# The Question

The pressure, volume, and temperature of an ideal gas are related by the equation $PV=8.31T$ (when pressure is measured in kilopascals). Find the rate at which the pressure is changing when the temperature is 300 K and increasing at a rate of 0.1 K s $^{-1}$, and the volume is 100 L and increasing at a rate of 0.2 L s $^{-1}$.

# Solution

First of all, solving for $P$: $P(T,V)=\frac{8.31T}{V}$.

Now we can go further and say that both $T$ and $V$ are functions of time, $t$. So we have: $P(T(t),V(t))=\frac{8.31T(t)}{V(t)}=8.31T(t)[V(t)]^{-1}$.

Now changes to pressure, $\Delta P$ are going to result from independent changes to temperature, $\Delta T$, and pressure $\Delta V$. $\Delta P =\text{changes due to }\Delta T+\text{changes due to }\Delta V.$

Now changes to temperature and volume are due to changes in time, $\Delta t$. It can be shown that this change manifests itself as (with the obvious generalisation to derivatives of functions of the form $z=f(x(t),y(t))$): $\frac{dP}{dt}=\frac{\partial P}{\partial T}\frac{dT}{dt}+\frac{\partial P}{\partial V}\frac{dV}{dt}$.

Now to calculate this rate of change at $(T,V)=(300,100)$ we must put these values into $P_T$ $P_V$, so: $\frac{dP}{dt}=\left.\frac{\partial P}{\partial T}\right|_{(T,V)=(300,100)}\frac{dT}{dt}+\left.\frac{\partial P}{\partial V}\right|_{(T,V)=(300,100)}\frac{dV}{dt}$.
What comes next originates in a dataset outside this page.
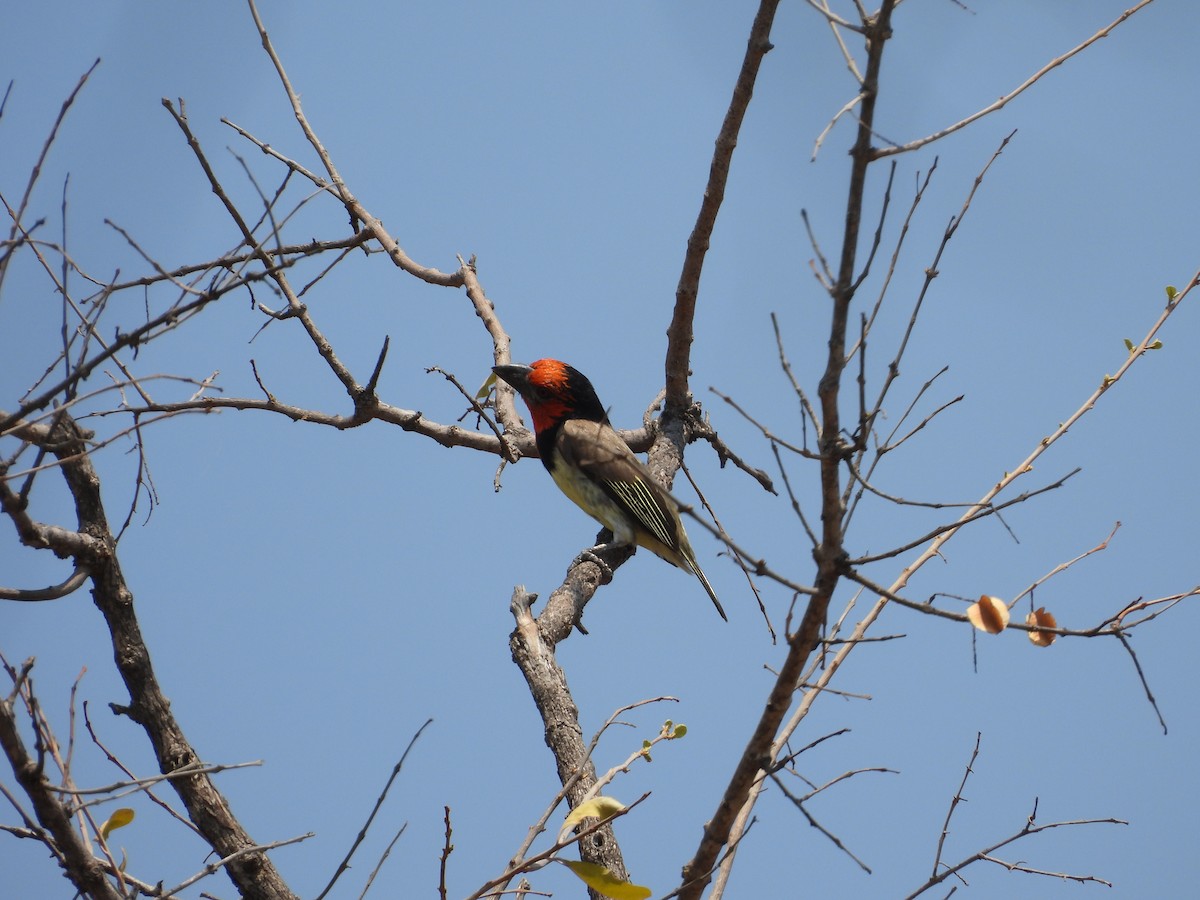 Black-collared Barbet - ML643930748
Since we know each of the constituents of this equation ( $dT/dt=+0.1$ $dP/dV=+0.2$) all that is left is to do the calculations. $\frac{\partial P}{\partial T}=8.31[V(t)]^{-1}=8.31(100)^{-1}$ at $(300,100)$. $\frac{\partial P}{\partial V}=8.31T(t)(-[V(t)]^2)=-8.31(300)(100)^{-2}$.

Hence: $\frac{dP}{dt}=(8.31(100)^{-1})\times (+0.1)+(-8.31(300(100)^{-2}))\times(+0.2)$ $=-0.04155$ kPa.